Automated scripts to provision a Kubernetes cluster on the Azure cloud, based on Terraform and Ansible.
These scripts provision a Kubernetes cluster with a separate etcd cluster. The etcd cluster has 3 VMs, this number can be overridden when launching the Terraform script. The Kubernetes cluster has 2 master VMs and 2 node VMs, these numbers can also be configured when launching the Terraform script. There is also a jumpbox with a public SSH endpoint that can be used for accessing the VMs inside the virtual network.
- The host node where these scripts will be run needs to have a Python 2 environment, Ansible requires it.
- If we're rebuilding a previous infrastructure, make sure to delete previous SSH keys from
known_hosts
. - Ansible >= 2.2.1.0
- Azure Python SDK == 2.0.0rc5
- Terraform >= 0.10.7
You need an Azure service principal in order for Ansible (through Azure's Python SDK) and Terraform (through Azure's Go SDK) to authenticate against the Azure API. You can use this guide to create the service principal account and obtain the needed parameters:
- subscription_id
- client_id
- client_secret
- tenant_id
For configuring Ansible you can use environment variables or store them in the file $HOME/.azure/credentials
in an ini style format. For configuring Terraform you can set these parameters in tf var files.
Afterwards, kubectl
uses tokens to authenticate against the Kubernetes API. The tokens can be found in the files/tokens.csv
file.
The resource group name is an argument to all scripts. This resource group must not exist yet.
export RESOURCE_GROUP=kubernetesnew
The resource group name is used to build some other parameters such as the jumpbox DNS name, $RESOURCE_GROUP-jbox.westeurope.cloudapp.azure.com
, or the kubernetes master DNS name, $RESOURCE_GROUP-master.westeurope.cloudapp.azure.com
.
Terraform is used for provisioning the Azure infrastructure.
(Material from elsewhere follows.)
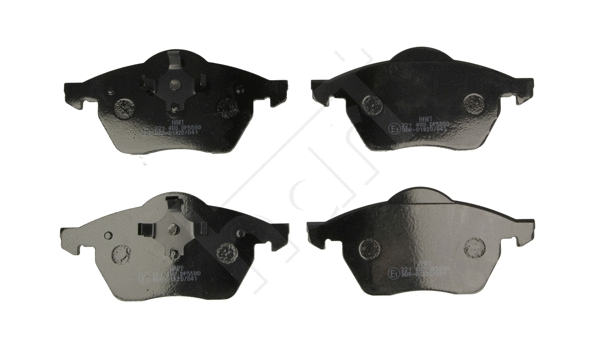 Kit de plaquettes de frein, frein à disque HART 221 403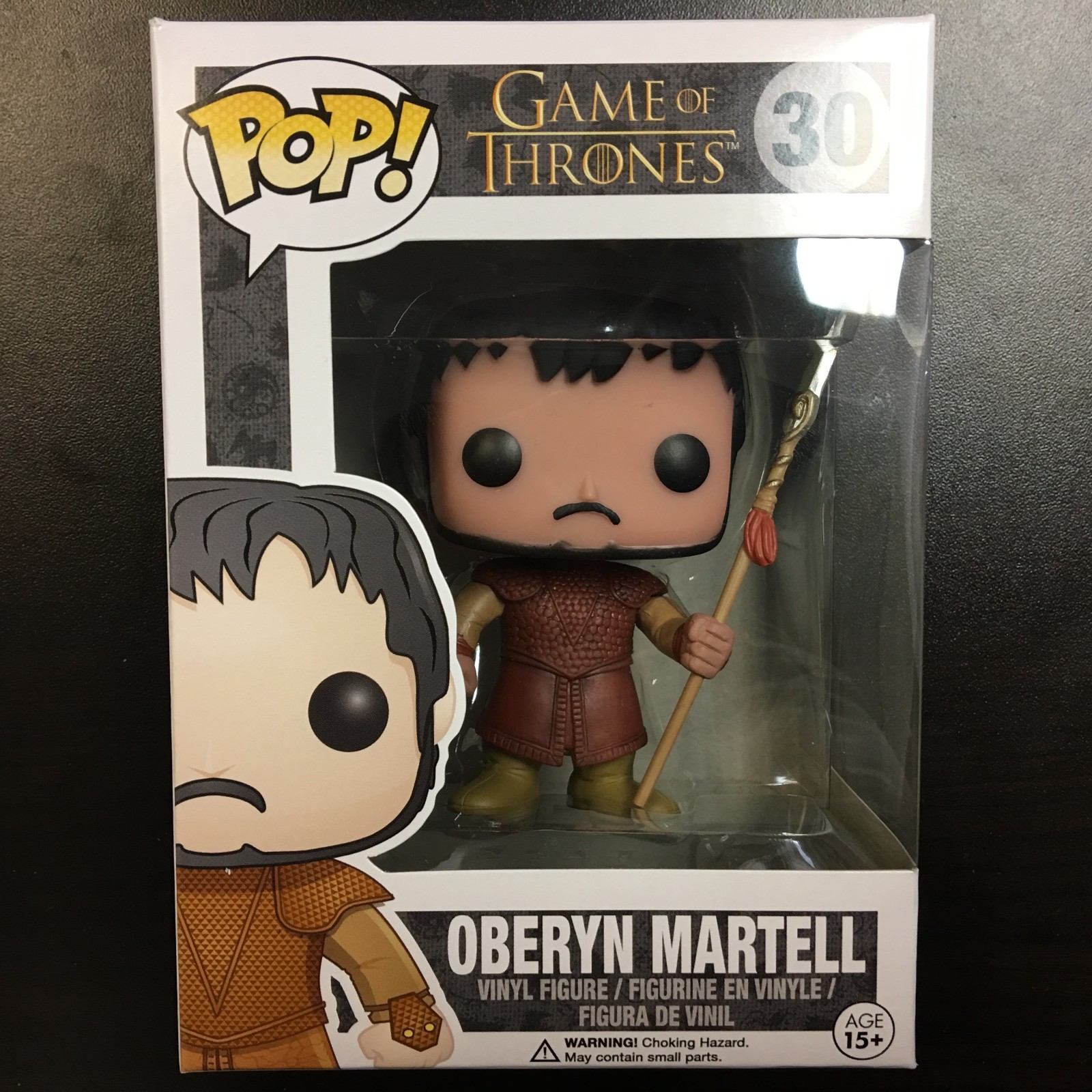 oberyn martell pop vinyl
You may also want to alter the ssh_key_location
variable which points to the SSH key that will be associated with the brpxuser
user in the VMs.
terraform apply -var "resource_group=$RESOURCE_GROUP"
Ansible is used for configuring the VMs, and the Azure RM dynamic inventory script is used to fetch the VM details. This inventory script is included with Ansible, but it can also be fetched from here.
Ansible expects nodes to have a Python interpreter on /usr/bin/python
. CoreOS does not come with a Python interpreter installed so a bootstrap step is needed in this case.
ansible-playbook -i azure_rm.py -e resource_group=$RESOURCE_GROUP bootstrap.yml
The communications between the nodes and the master is authenticated via PKI. The communications between the master and the nodes is not yet authenticated, the certificates are not verified, but the PKI is already in place for when this feature is implemented in Kubernetes.
ansible-playbook -i azure_rm.py -e resource_group=$RESOURCE_GROUP generate_certs.yml
This step installs all Kubernetes components and certificates.
ansible-playbook -i azure_rm.py -e resource_group=$RESOURCE_GROUP kubernetes_setup.yml
In order to manage the Kubernetes cluster you need to configure the kubectl
command (in OSX you can install it with brew install kubernetes-cli
). If you did not change the files/tokens.csv
file, there is a default token which is changeme
.
kubectl config set-cluster $RESOURCE_GROUP-cluster --server=https://$RESOURCE_GROUP-master.westeurope.cloudapp.azure.com --certificate-authority=certs/ca.pem
kubectl config set-credentials $RESOURCE_GROUP-admin --token=changeme
kubectl config set-context $RESOURCE_GROUP-system --cluster=$RESOURCE_GROUP-cluster --user=$RESOURCE_GROUP-admin
kubectl config use-context $RESOURCE_GROUP-system
The kubelet was configured to use a CNI plugin, but there isn't one installed yet. We need to install the Calico CNI plugin, relevant RBAC config and Calico components.
# create RBAC definitions
kubectl create -f files/calico-rbac.yaml
# create Calico components
kubectl create -f files/calico.yaml
Configure the default storage class when one is not specified in the descriptor:
kubectl apply -f files/default-storage-class.yaml
Usage examples can be found here. Azure-file is fine for when only one pod is using the volume, when you need multiple pods using the same volume and/or multiple writers you need to use azure-file and examples can be found here.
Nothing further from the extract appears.